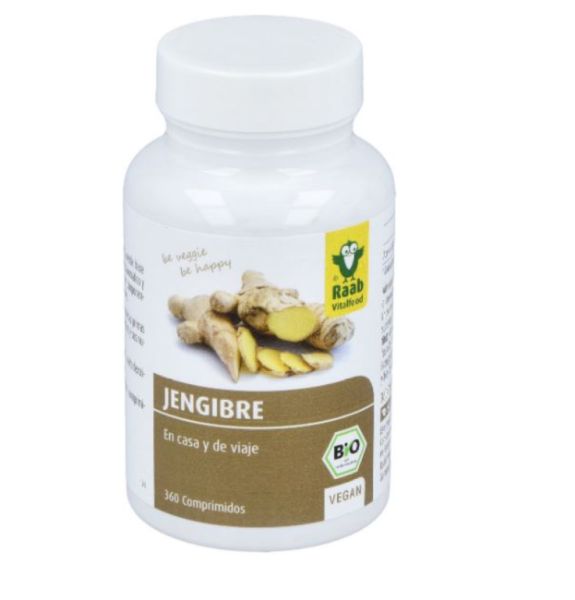 Bio Ginger 360 Tablets - Raab Vitalfood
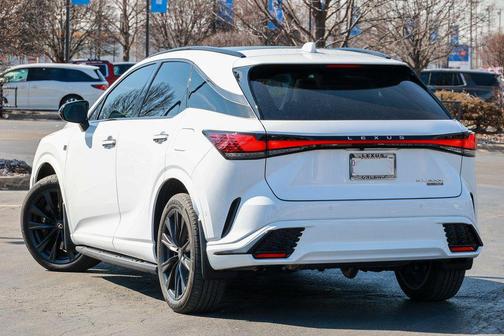 2024 Lexus RX 500h F SPORT Performance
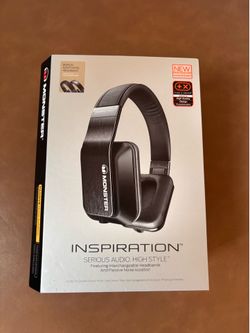 Monster Inspiration over ear ANC headphones -Black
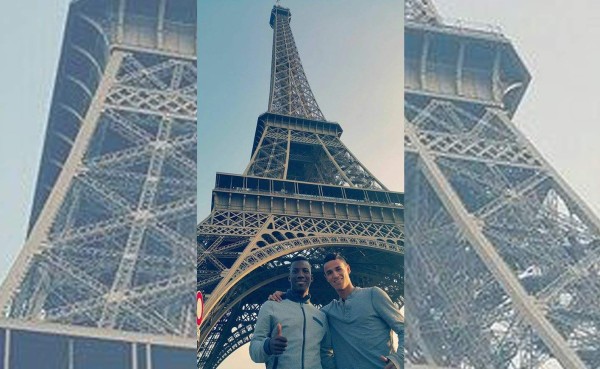 Darixon Vuelto: 'Aquí en Francia todo está muy bien”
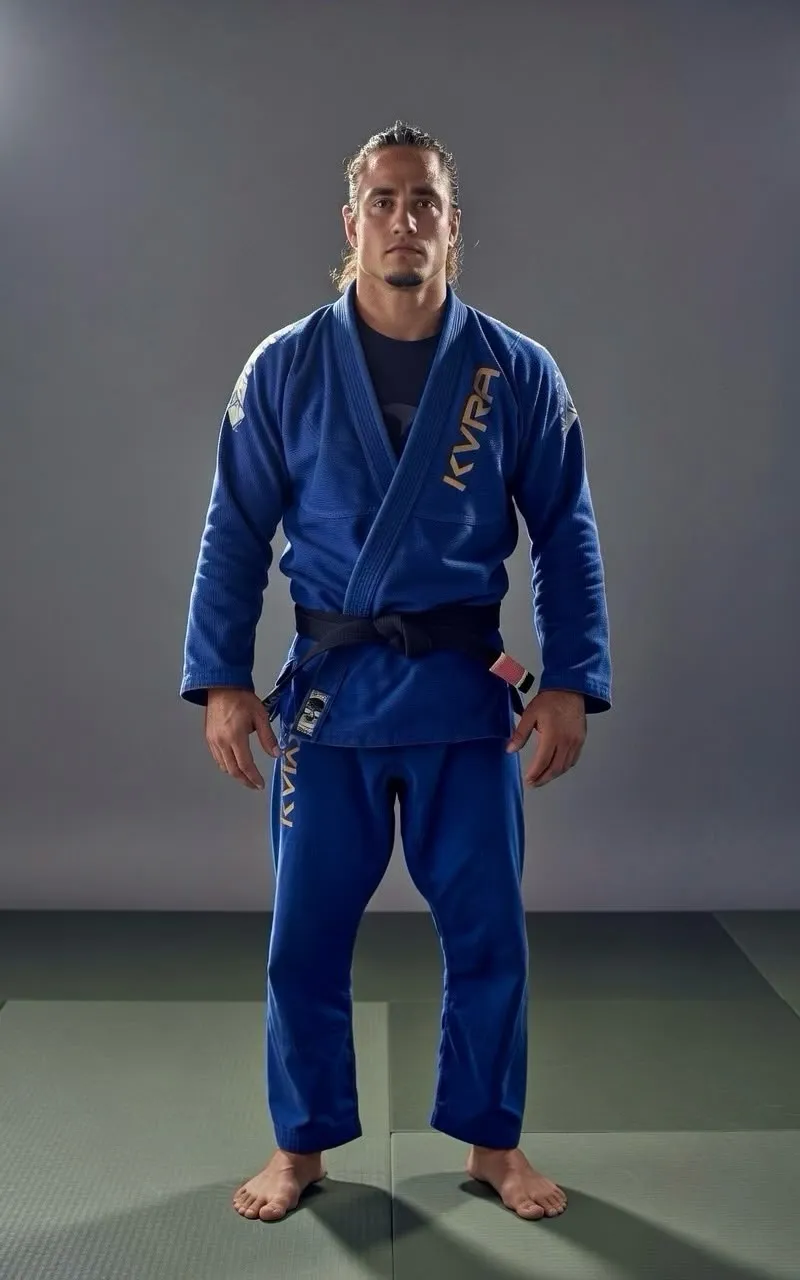 Coach Nicolas in gi
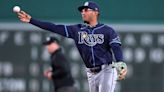 Why the Rays turned to Richie Palacios at shortstop in a pinch Sunday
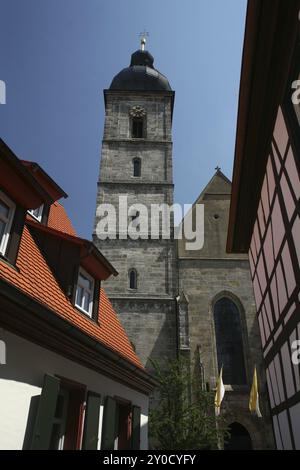 St. Martin Forchheim Stockfoto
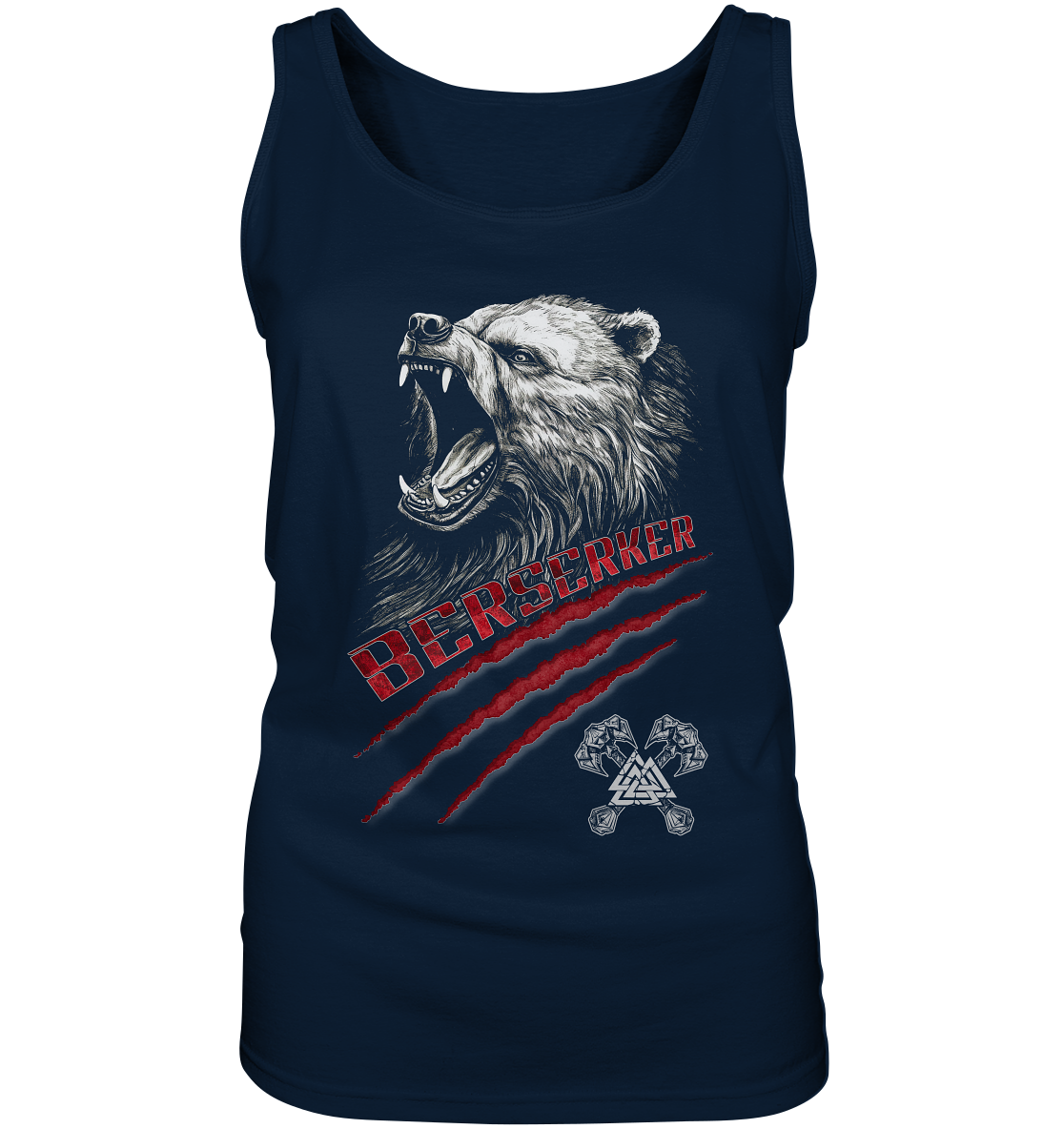 Berserker Bär - Ladies Tank-Top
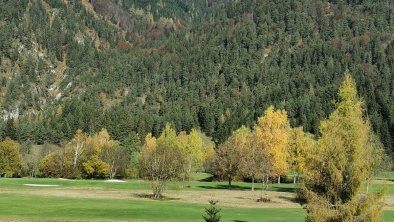 Golfplatz direkt am Haus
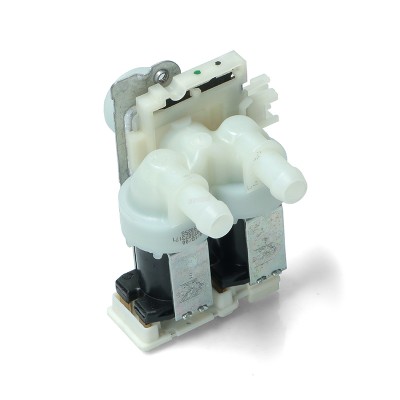 Βαλβίδα Πλυντηρίου Whirlpool Διπλή 10mm Ευθεία 481073073171 Original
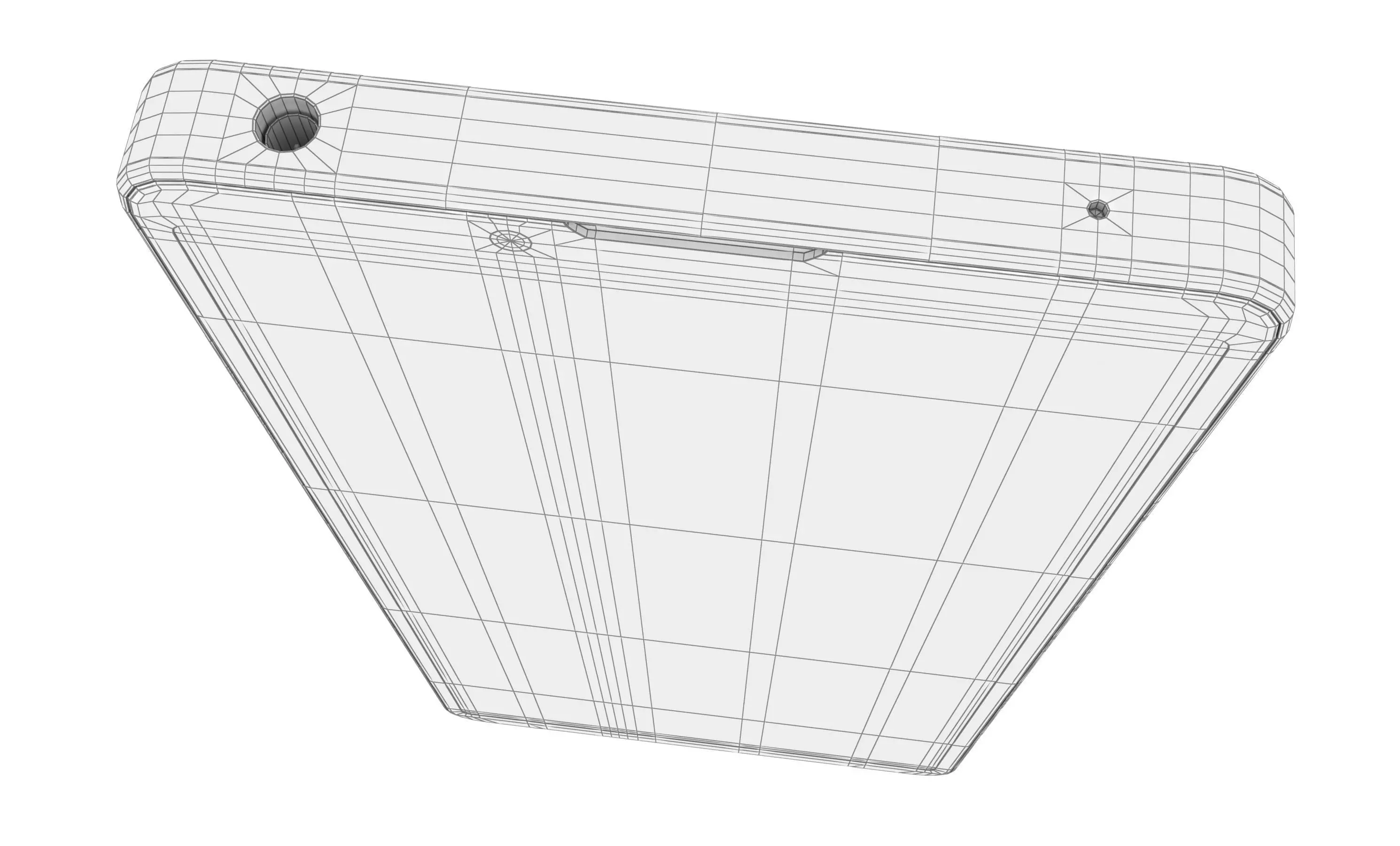 Sony Xperia 10 VII White 3D model_6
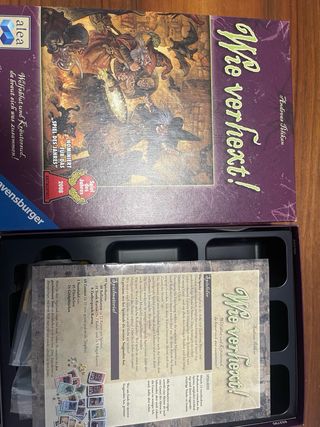 Gioco da tavolo Wie verhext! Witch's brew ALEA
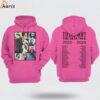 Taylor Swift The Eras Tour 2023 2024 Pink Hoodie 1 jersey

::::::::

● **EXERCISE GOAL**
An exact restatement is expected of the lines from the line containing "2024 Lexus RX 500h F SPORT Performance" to the end of the data above, pictures excluded.

● **YOUR SOLUTION**
 2024 Lexus RX 500h F SPORT Performance
 Monster Inspiration over ear ANC headphones -Black
 Darixon Vuelto: 'Aquí en Francia todo está muy bien”
 Coach Nicolas in gi
 Why the Rays turned to Richie Palacios at shortstop in a pinch Sunday
 St. Martin Forchheim Stockfoto
 Berserker Bär - Ladies Tank-Top
 Golfplatz direkt am Haus
 Βαλβίδα Πλυντηρίου Whirlpool Διπλή 10mm Ευθεία 481073073171 Original
 Sony Xperia 10 VII White 3D model_6
 Gioco da tavolo Wie verhext! Witch's brew ALEA
 Taylor Swift The Eras Tour 2023 2024 Pink Hoodie 1 jersey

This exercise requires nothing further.